Work task:
Needed from the data below: every line from the one with "<strong>Chris Cox</strong> Porcelain" up to and including the one with "Europawahl: Macrons Partei", repeated exactly and with nothing else.

BEGIN Supplied data

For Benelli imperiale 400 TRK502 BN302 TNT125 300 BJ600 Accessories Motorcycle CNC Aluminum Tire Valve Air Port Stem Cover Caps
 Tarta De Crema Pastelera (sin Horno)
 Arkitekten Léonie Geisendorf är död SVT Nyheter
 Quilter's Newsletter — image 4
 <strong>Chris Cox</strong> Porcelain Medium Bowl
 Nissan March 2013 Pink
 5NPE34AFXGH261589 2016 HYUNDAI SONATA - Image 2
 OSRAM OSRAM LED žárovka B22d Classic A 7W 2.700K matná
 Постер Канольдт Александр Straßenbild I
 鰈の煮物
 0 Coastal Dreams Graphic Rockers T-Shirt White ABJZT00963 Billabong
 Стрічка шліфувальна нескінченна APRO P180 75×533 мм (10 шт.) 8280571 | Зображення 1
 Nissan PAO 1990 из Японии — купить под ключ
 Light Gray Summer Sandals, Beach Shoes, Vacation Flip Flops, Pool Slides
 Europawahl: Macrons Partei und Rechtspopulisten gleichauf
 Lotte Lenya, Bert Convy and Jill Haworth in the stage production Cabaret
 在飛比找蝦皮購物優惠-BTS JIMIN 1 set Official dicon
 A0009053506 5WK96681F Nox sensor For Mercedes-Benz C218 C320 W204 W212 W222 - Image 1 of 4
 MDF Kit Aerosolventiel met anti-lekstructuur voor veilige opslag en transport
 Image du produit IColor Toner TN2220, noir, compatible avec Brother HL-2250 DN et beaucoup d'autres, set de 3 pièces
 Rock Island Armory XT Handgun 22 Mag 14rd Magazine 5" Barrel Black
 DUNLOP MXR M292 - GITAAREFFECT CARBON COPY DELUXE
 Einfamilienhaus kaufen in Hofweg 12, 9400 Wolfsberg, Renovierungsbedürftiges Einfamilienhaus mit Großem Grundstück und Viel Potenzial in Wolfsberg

END Supplied data

Answer space:
 <strong>Chris Cox</strong> Porcelain Medium Bowl
 Nissan March 2013 Pink
 5NPE34AFXGH261589 2016 HYUNDAI SONATA - Image 2
 OSRAM OSRAM LED žárovka B22d Classic A 7W 2.700K matná
 Постер Канольдт Александр Straßenbild I
 鰈の煮物
 0 Coastal Dreams Graphic Rockers T-Shirt White ABJZT00963 Billabong
 Стрічка шліфувальна нескінченна APRO P180 75×533 мм (10 шт.) 8280571 | Зображення 1
 Nissan PAO 1990 из Японии — купить под ключ
 Light Gray Summer Sandals, Beach Shoes, Vacation Flip Flops, Pool Slides
 Europawahl: Macrons Partei und Rechtspopulisten gleichauf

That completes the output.